Pictures aside, output each record exactly.

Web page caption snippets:
======
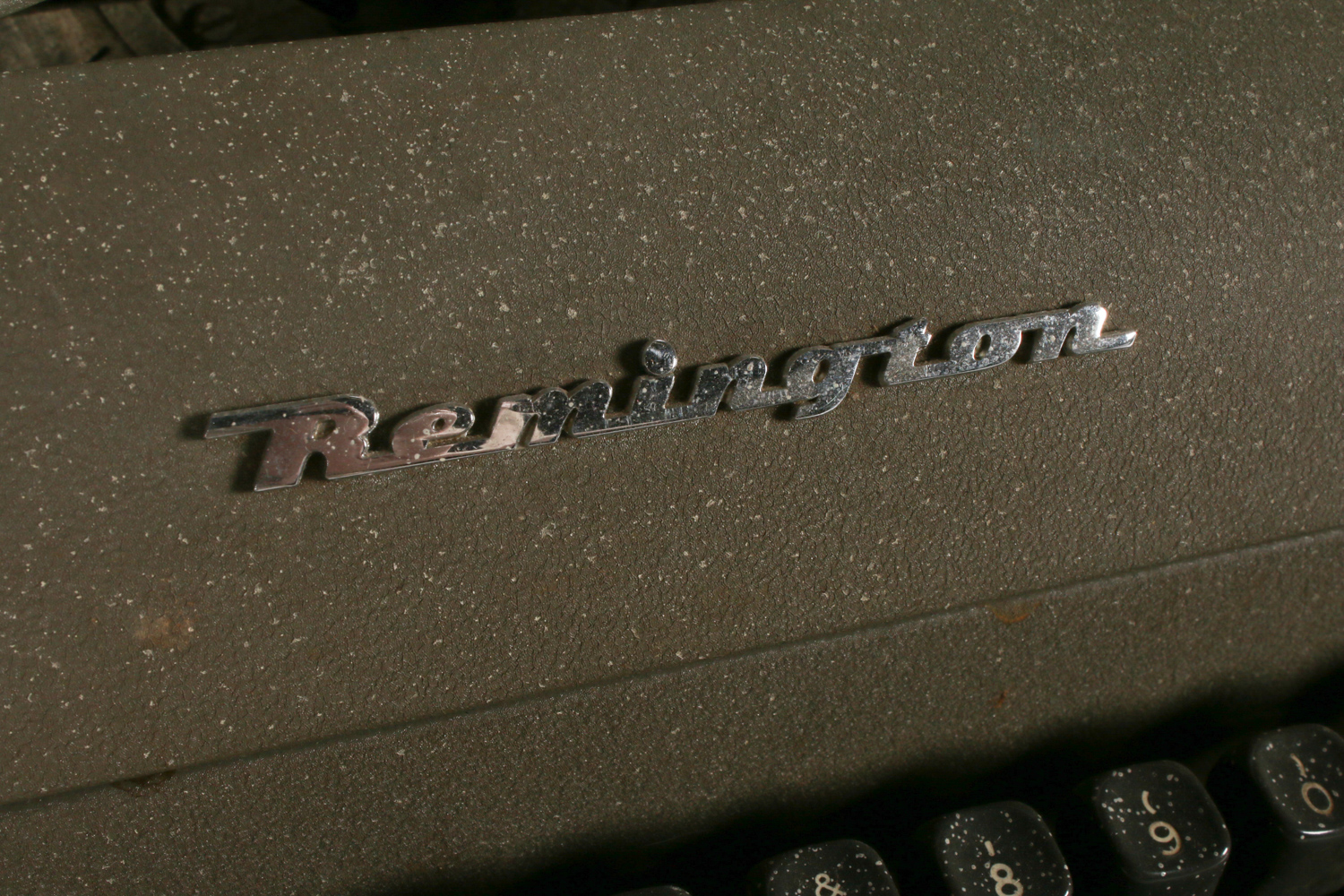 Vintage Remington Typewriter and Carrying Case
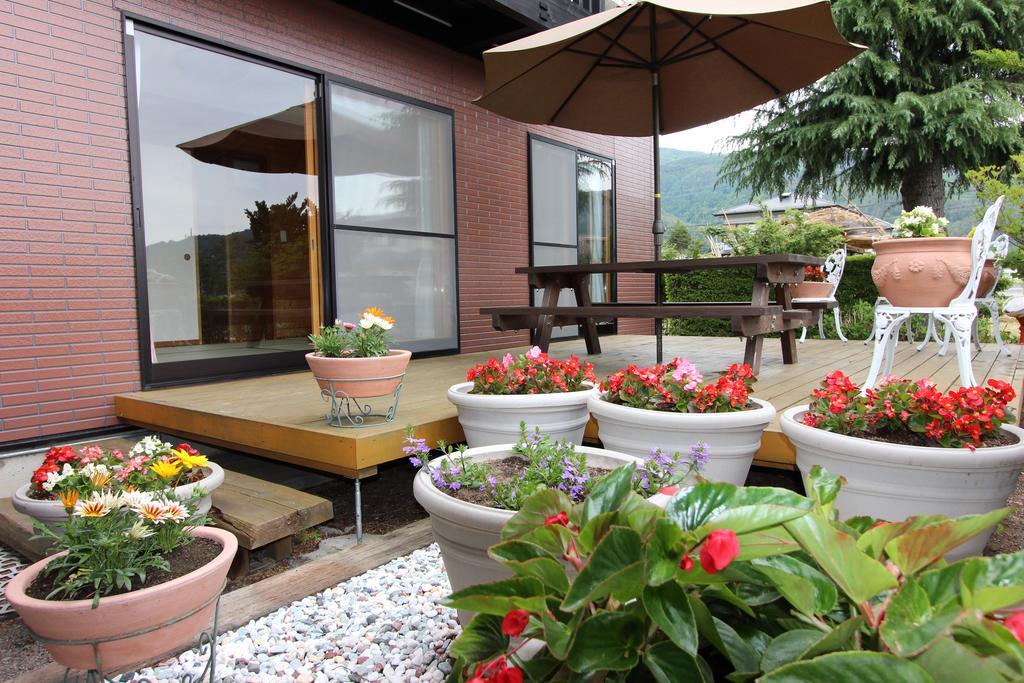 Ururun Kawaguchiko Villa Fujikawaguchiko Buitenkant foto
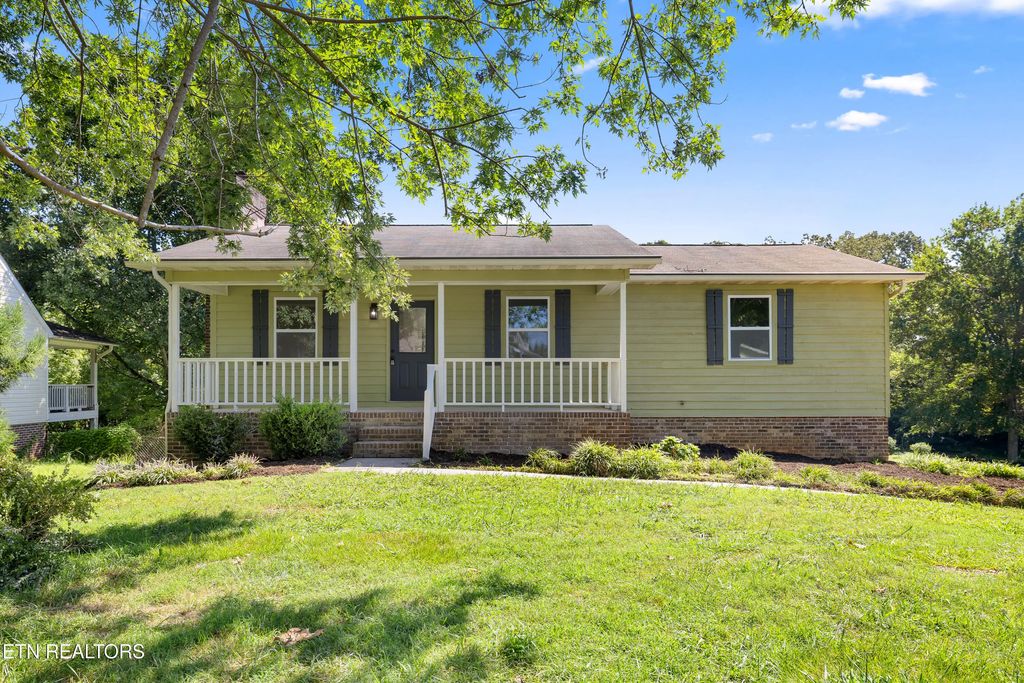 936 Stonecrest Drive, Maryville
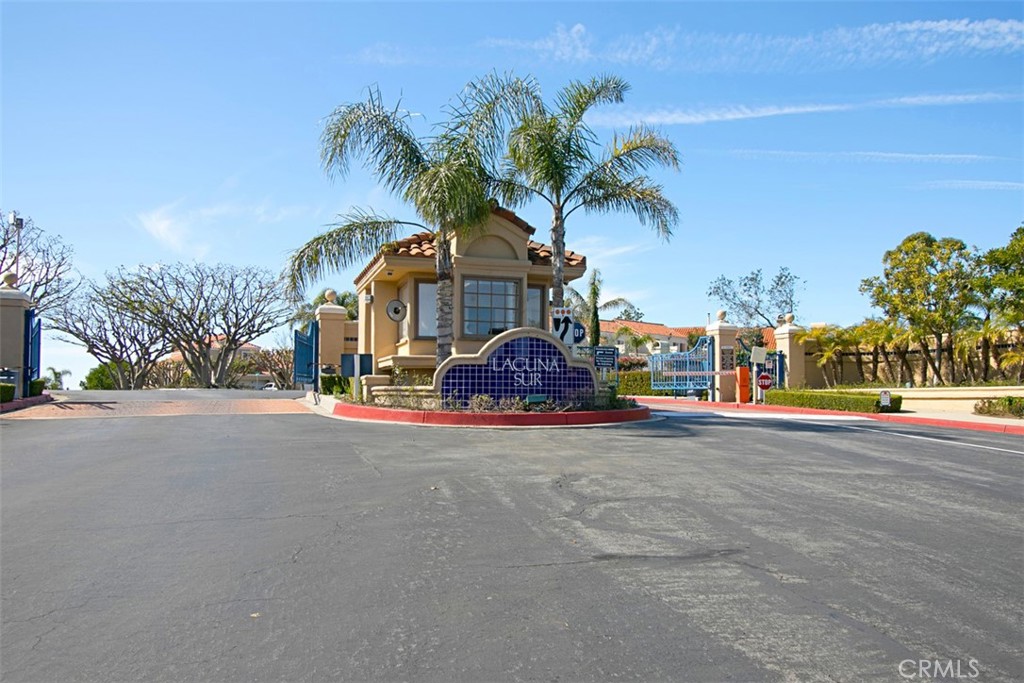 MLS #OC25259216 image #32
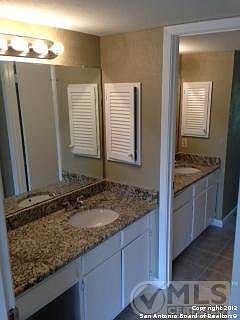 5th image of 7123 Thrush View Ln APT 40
======
RESULT:
 Vintage Remington Typewriter and Carrying Case
 Ururun Kawaguchiko Villa Fujikawaguchiko Buitenkant foto
 936 Stonecrest Drive, Maryville
 MLS #OC25259216 image #32
 5th image of 7123 Thrush View Ln APT 40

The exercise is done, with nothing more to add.